I know unicode in terminals is a particularly painful experience in Windows, so I don't doubt I could be doing something wrong on that front, although right now I'm not sure what. I did ensure that I tried this after changing to code-page 65001, and running cmd.exe with a /u just for good measure. Additionally, outside of the context of the Nim program (but in the same terminal it was run from), I can copy-paste the д character and have it display just fine.
I also wrote some functionally equivalent (manually crafted) C-code:
#include <conio.h>
#include <stdio.h>
int main(int argc, char** argv)
{
while (1)
{
int keys = _kbhit();
if (keys != 0)
{
printf("%d keys were hit\n", keys);
for (int idx = 0; idx < keys; idx++)
{
int ch = _getch();
printf("Key %d is 0x%x\n", idx, ch);
}
}
}
return 0;
}
And this C-code doesn't choke near as badly on the input.
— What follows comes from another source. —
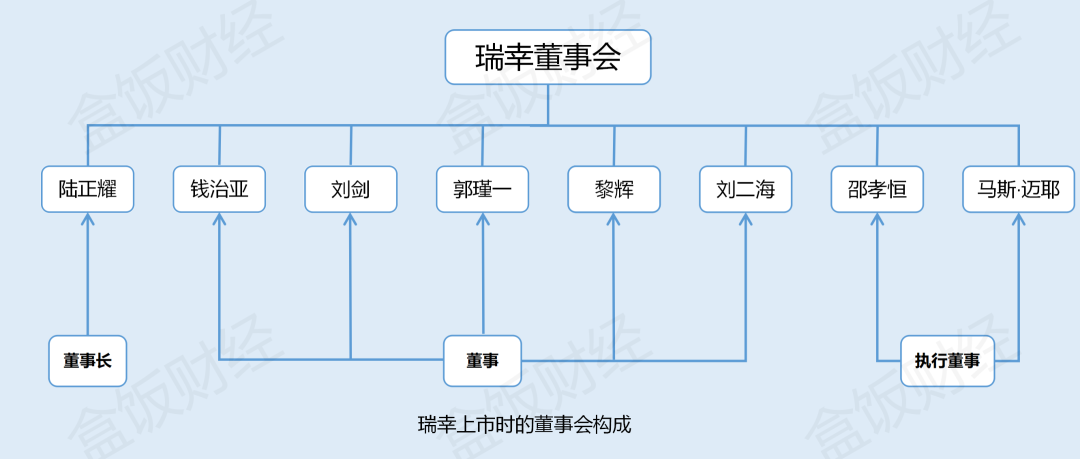 瑞幸内斗200天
It reads the character as \x3F which I don't believe is right, but it at least doesn't horribly crash the program. The differing behavior is particularly confusing to me.
Am I doing something wrong with Nim FFI here? Or have I simply fallen victim to the many pitfalls that come with non-ASCII in Windows terminals?
I was using the default C compiler on Nim (which should default to MinGW if I'm not mistaken). I tried compiling the equivalent manually crafted C code in MinGW and MSVC and got the same result where it more or less functioned appropriately, unlike the Nim counterpart.
I didn't mention it in the post (forgot) but I also tried calling _getch twice and it made no difference; according to both my echo statements and a debugger, it's _kbhit that hangs/crashes, and it hangs on the first iteration (before any of the _getch calls), so I don't believe that's the issue. Truthfully I'm a little unsettled to see different behavior via Nim FFI as I do with equivalent C calls to the same functions, as it makes me question the stability of doing this, but for my use case I can investigate just using the Windows API functions specifically, which I believe would entail ReadConsoleInput and GetNumberOfConsoleInputEvents.
Hm. I'm running on a x64 Win10 box as well and even with that modification crash or hang the terminal. Perhaps it has something to do with terminal settings...
In either case, I suppose to do this reliably I'd need to use the Windows API functions as mentioned.